Vieille, ébouriffée, les cheveux blancs, roux et blonds, vêtue d'un tailleur gris, de petites lunettes lui tombent sur le nez comme une ancre austère qui pose et souligne la gravité de ce monde. Tête baissée, déclinant quelquefois un bref hochement, elle se réserve, tout à son jeu théâtral: elle écoute, absorbe l'absence en recourant à l'objet, ces lunettes noires qu'elle abandonne ou chausse comme une ponctuation, un trait diacritique, une virgule.
Puis vient son tour de chant, elle se déploie sans doute, partant de la raison, décollant du sol, de la table où trône les volumes de cette fameuse thèse, de ce replis derrière les barriquades, aucun signe jusqu'alors n'était allé vers l'étudiante. Elle regarde enfin la coupable entamant dans le même temps quelques gammes d'orateurs, des phrases de grimoires de lignées professorales, de vieilles femmes. Elle élève la voix vers un point inaudible, bien au-dessus de la mêlée, sordide, noire, qu'elle estime probablement aveugle. Elle "réfute", "critique", "reproche", "note", "remarque", "reprend", autant de verbes performatifs qui puisent dans l'autorité le miroir de Narcisse. "Des manques et des absences figurent dans ce travail" et son orgueil de tragédienne est touché: ses écrits n'apparaissent pas dans la bibliographie... Le travail et le temps apparaissent sans mesure, en-deça des sphères insondables du savoir. Mais qui sont ces juges et quel est ce jeu, le sens étrange de ce rituel?

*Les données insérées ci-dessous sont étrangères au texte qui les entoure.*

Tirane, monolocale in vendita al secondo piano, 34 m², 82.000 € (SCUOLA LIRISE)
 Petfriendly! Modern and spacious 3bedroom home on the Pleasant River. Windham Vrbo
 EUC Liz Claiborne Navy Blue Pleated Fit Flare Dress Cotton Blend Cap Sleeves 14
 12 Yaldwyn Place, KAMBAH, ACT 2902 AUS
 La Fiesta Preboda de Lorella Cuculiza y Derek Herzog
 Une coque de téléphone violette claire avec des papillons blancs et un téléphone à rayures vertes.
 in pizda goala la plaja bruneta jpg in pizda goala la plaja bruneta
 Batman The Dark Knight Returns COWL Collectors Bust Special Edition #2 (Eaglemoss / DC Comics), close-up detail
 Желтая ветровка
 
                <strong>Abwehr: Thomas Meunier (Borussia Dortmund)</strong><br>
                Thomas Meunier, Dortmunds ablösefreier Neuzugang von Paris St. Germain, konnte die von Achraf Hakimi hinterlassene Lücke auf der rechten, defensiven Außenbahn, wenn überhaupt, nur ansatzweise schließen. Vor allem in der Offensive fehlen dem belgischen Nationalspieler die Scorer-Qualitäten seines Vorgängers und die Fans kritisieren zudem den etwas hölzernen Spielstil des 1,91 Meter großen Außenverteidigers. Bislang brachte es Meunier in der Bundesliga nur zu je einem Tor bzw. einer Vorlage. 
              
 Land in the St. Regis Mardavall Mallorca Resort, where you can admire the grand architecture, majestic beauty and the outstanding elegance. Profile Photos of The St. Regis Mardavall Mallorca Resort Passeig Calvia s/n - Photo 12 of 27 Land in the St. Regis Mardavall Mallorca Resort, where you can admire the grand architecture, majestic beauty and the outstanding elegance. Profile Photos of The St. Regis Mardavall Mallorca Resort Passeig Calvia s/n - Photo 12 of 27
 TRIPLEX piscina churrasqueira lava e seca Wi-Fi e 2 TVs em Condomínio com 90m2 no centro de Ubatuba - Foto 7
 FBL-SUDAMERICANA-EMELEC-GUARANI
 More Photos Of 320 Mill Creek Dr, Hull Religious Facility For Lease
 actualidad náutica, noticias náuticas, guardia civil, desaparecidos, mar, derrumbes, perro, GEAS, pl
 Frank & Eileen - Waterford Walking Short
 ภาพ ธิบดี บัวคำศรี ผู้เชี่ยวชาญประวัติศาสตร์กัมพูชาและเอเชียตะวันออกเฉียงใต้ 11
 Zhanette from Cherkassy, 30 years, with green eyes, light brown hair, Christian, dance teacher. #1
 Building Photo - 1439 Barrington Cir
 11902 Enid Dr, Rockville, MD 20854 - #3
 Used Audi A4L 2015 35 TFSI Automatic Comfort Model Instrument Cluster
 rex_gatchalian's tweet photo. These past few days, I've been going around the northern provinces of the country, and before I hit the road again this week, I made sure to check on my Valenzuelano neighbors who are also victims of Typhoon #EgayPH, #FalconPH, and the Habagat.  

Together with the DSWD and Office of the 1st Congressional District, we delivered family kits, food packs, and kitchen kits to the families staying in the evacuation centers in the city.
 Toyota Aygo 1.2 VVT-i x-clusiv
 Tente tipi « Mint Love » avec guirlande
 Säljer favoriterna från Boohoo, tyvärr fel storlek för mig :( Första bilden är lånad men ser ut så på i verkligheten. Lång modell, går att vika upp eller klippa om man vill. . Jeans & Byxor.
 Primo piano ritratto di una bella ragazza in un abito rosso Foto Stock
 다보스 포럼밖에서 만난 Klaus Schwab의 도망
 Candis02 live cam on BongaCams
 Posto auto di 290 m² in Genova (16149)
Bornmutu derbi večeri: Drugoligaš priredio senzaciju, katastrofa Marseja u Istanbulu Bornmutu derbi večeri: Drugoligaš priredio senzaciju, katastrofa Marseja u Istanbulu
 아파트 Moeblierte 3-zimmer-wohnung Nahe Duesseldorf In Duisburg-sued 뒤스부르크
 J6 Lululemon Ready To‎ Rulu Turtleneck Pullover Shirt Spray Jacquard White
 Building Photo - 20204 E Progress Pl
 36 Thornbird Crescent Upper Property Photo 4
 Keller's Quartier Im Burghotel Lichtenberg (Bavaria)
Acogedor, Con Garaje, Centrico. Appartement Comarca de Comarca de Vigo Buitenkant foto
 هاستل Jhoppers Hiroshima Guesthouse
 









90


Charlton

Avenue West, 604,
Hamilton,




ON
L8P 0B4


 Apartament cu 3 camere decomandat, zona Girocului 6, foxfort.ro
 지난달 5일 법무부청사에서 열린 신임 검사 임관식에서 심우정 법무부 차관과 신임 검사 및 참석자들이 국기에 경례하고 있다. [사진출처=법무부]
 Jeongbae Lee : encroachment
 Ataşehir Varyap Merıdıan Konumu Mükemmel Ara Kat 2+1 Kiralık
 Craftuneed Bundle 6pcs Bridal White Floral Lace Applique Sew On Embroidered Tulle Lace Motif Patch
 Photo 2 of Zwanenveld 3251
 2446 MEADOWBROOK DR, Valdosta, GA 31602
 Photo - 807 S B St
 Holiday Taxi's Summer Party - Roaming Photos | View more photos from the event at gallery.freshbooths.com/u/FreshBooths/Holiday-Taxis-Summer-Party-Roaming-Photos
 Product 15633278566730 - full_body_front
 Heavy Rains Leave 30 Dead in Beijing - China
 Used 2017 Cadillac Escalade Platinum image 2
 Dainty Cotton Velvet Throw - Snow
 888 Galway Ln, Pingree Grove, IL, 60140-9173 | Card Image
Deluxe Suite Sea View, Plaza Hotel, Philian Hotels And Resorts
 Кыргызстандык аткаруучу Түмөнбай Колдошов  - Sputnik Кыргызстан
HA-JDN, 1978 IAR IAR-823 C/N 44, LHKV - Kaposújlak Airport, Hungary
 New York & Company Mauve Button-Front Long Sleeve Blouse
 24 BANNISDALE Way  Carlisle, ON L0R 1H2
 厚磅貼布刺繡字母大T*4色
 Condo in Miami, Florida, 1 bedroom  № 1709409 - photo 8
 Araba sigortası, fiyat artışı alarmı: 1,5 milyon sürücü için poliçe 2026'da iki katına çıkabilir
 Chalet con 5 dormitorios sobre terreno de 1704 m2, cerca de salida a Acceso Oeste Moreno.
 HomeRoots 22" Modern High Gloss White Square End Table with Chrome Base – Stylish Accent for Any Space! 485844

Il semble que le jury naisse ainsi, dans un rapport de domination, face à ses semblables et devant l'élève ou le novice à travers la pertinence de ses remarques et le nombre de ses critiques. La voix prend ainsi son envol et la jouissance de l'être supérieur, jeté tel un phoenix, à ce ton croissant dans l'espace, dans la vibrante mesure du savoir et de la prophétie, selon l'altitude vertigineuse de l'inventaire et l'assurance grave de ce corps tourné vers la foule avec l'approbation, le regard tendre et complice des autres sexagénaires.